ASSIGNMENT:
The listing that follows must be retyped exactly, without its pictures.

*** Opening of GIVEN INFORMATION ***

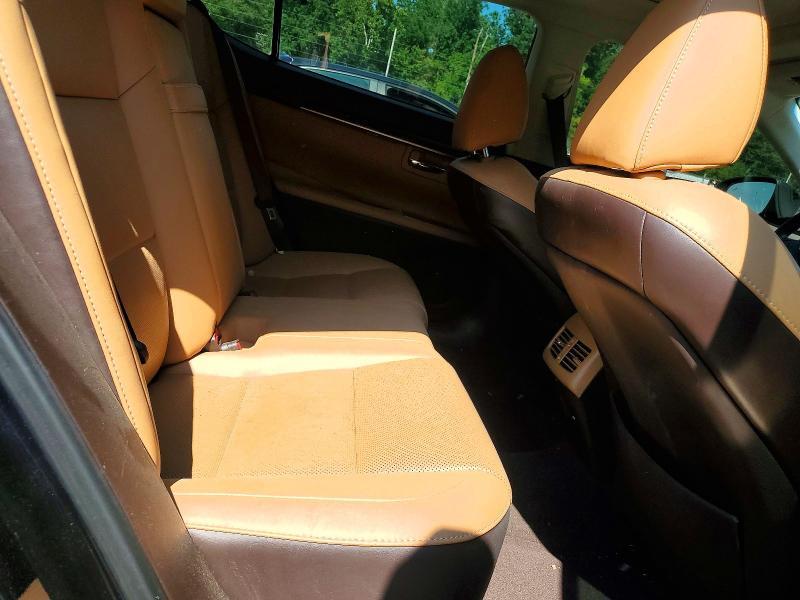 2018 LEXUS ES 350 — Фото 10 из 12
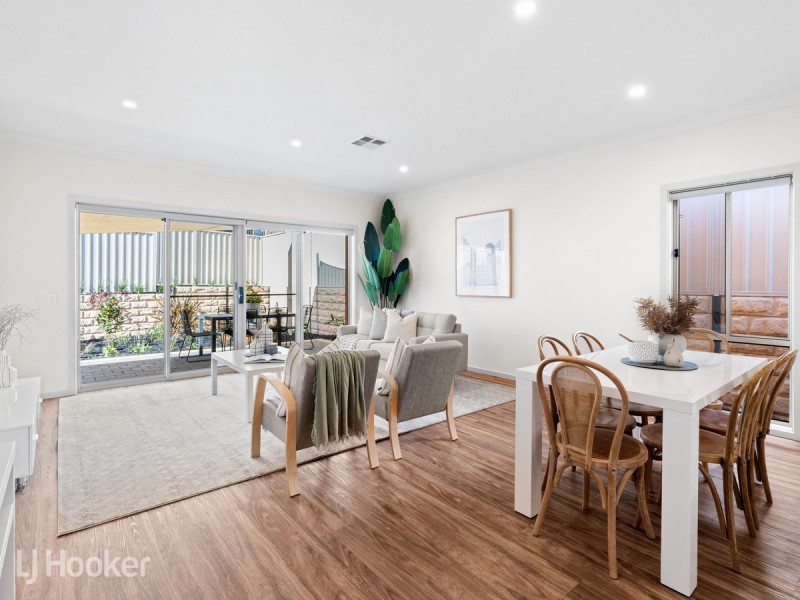 25/3 Belperio Court, Paradise SA 5075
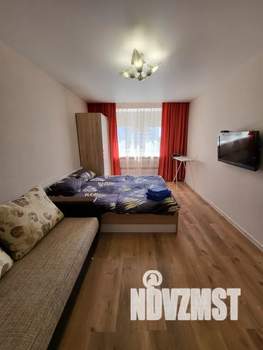 1-к квартира, посуточно, 32м2, 5/9 этаж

*** Close of GIVEN INFORMATION ***

EXERCISE RESPONSE:
 2018 LEXUS ES 350 — Фото 10 из 12
 25/3 Belperio Court, Paradise SA 5075
 1-к квартира, посуточно, 32м2, 5/9 этаж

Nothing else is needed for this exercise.